We conclude that defendant has not waived appellate review of this issue, and therefore, we will address its merits infra.
    Defendant asserts that the trial court was prohibited from sentencing him in the aggravated range because (i) the “great monetary value” factor was not submitted to a jury, and (ii) the factor is an inherent element of embezzlement. Because we agree that the trial court's failure to submit the aggravating factor toa jury was reversible error, we need not address defendant's contention that the aggravating factor is an inherent element of embezzlement.
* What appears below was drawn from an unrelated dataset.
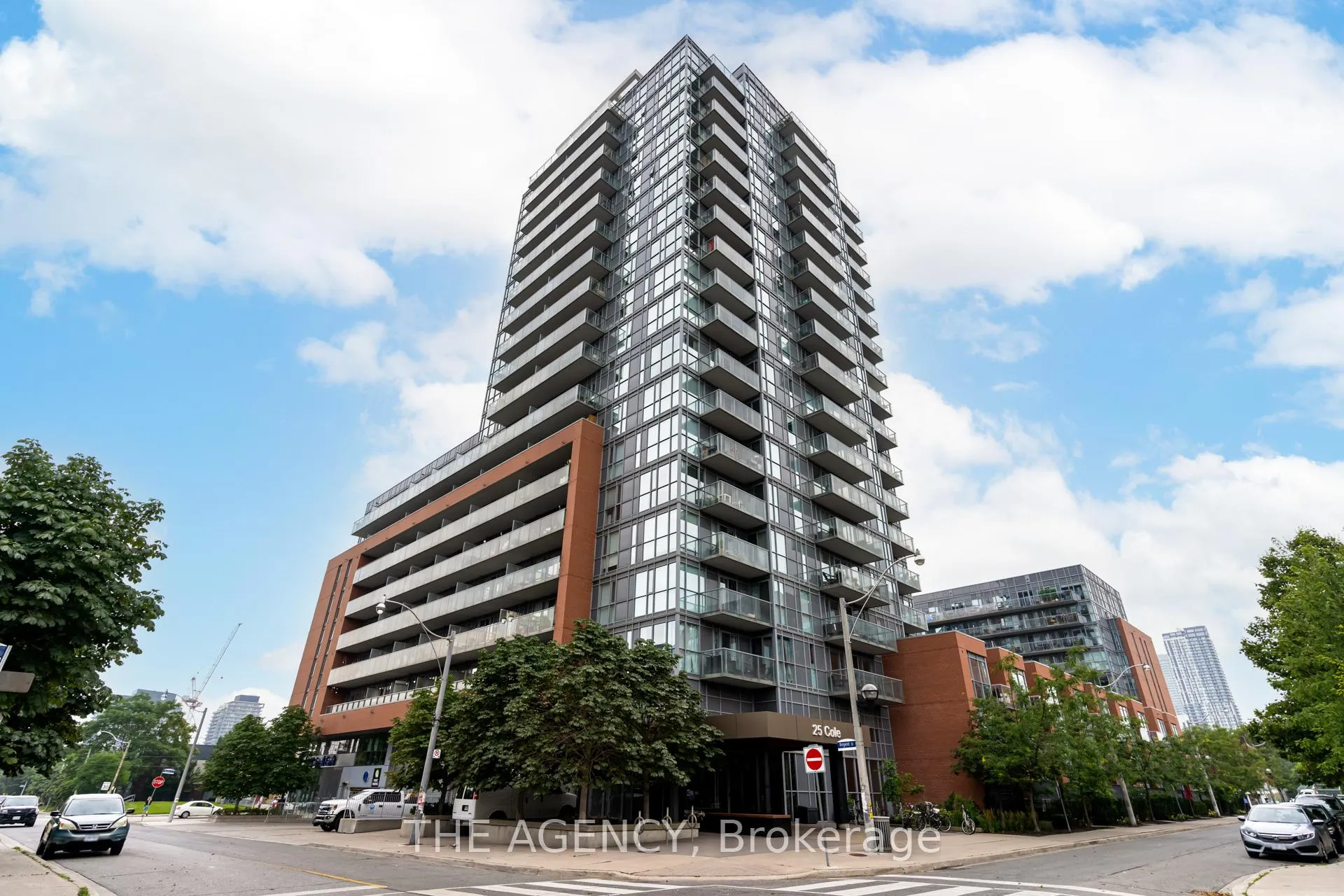 Photo 1 of Unit 628, 25 Cole Street, Toronto, Regent Park — HOMEH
    In State v. Allen, ___ N.C. ___, ___ S.E.2d ___ (Filed 1 July 2005) (No. 485PA04), our Supreme Court recently examined the constitutionality of this state's structured sentencing scheme in light of the United States Supreme Court's decisions in Apprendi v. New Jersey, 530 U.S. 466, 147 L. Ed. 2d 435 (2000) and Blakely v. Washington, 542 U.S. 296, 159 L. Ed. 2d 403 (2004). The Court concluded that, when “[a]pplied to North Carolina's structured sentencing scheme, the rule of Apprendi and Blakely is: Other than the fact of a prior conviction, any fact that increases the penalty for a crime beyond the prescribed presumptive range must be submitted to a jury and proved beyond a reasonable doubt.” Allen, ___ N.C. at ___, ___ S.E.2d at ___ (citing Blakely, 542 U.S. at ___, 159 L. Ed. 2d at 413-14; Apprendi, 530 U.S. at 490, 147 L. Ed. 2d at 455; N.C. Gen. Stat. §§ 15A-1340.13, 15A-1340.14, 15A-1340.16, 15A-1340.17). The Court noted that its holding would “apply to cases 'in which the defendants have not been indicted as of the certification date of this opinion and to cases that are now pending on direct review or are not yet final.'” ___ N.C. at ___, ___ S.E.2d at ___ (quoting State v. Lucas, 353 N.C. 568, 598, 548 S.E.2d 712, 732 (2001)).
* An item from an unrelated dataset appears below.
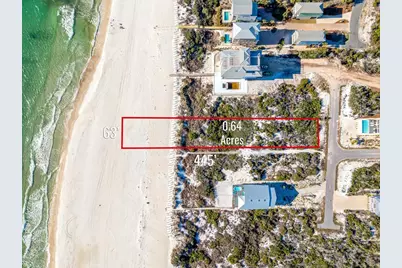 Lot 2 Gulf Front Dr, Cape San Blas, FL 32456 - Photo 1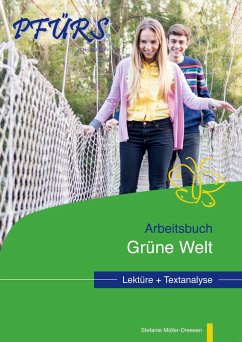 Cover Grüne Welt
    In the instant case, the trial court unilaterally found that defendant's actions involved the taking of property of great monetary value, thereby aggravating defendant's sentence withoutfirst submitting the issue to a jury. Although we note that defendant pled guilty to various offenses involving approximately $1,000,000.00, we are not convinced that defendant's plea and its implications cure the trial court's failure to submit the aggravating factor to a jury for proof beyond a reasonable doubt. See Allen, ___ N.C. at ___, ___ S.E.2d at ___ (“Because 'speculat[ion] on what juries would have done if they had been asked to find different facts' is impermissible, the Washington Supreme Court concluded, as do we, that '[h]armless error analysis cannot be conducted on Blakely Sixth Amendment violations.'”) (quoting State v. Hughes, 154 Wash. 2d 118, 148, 110 P.3d 192, 208) (alterations in original)). Thus, in light of the foregoing, we conclude that the trial court committed reversible error by sentencing defendant in the aggravated range.   (See footnote 2)  Therefore, we remand the case for resentencing.
    No error in part; remanded for resentencing.
    Judges HUDSON and STEELMAN concur.
    Report per Rule 30(e).

Footnote: 1
     By order of this Court, the filing of this opinion was delayed pending our Supreme Court's decision in State v. Allen, ___ N.C. ___, ___ S.E.2d ___ (Filed 1 July 2005) (No. 485PA04).
Footnote: 2
     Defendant also asserts that the trial court was prohibited from sentencing him in the aggravated range because the State failed to allege the pertinent aggravating factor in the indictment. However, our Supreme Court expressly rejected the same assertion by the defendant in Allen. ___ N.C. at ___, ___ S.E.2d at ___ (overruling language in Lucas “requiring sentencing factors which might lead to a sentencing enhancement to be alleged in an indictment[,]” finding no error in the State's failure to include aggravating factors in the defendant's indictment, and noting that in State v. Hunt, “[T]his Court concluded that 'the Fifth Amendment would not require aggravators, even if they were fundamental equivalents of elements of an offense, to be pled in a state-court indictment.'” (quoting State v. Hunt, 357 N.C. 257, 272, 582 S.E.2d 593, 603, cert. denied, 539 U.S. 985, 156 L. Ed. 2d 702 (2003)). Accordingly, defendant's assertion in the instant case is overruled as well.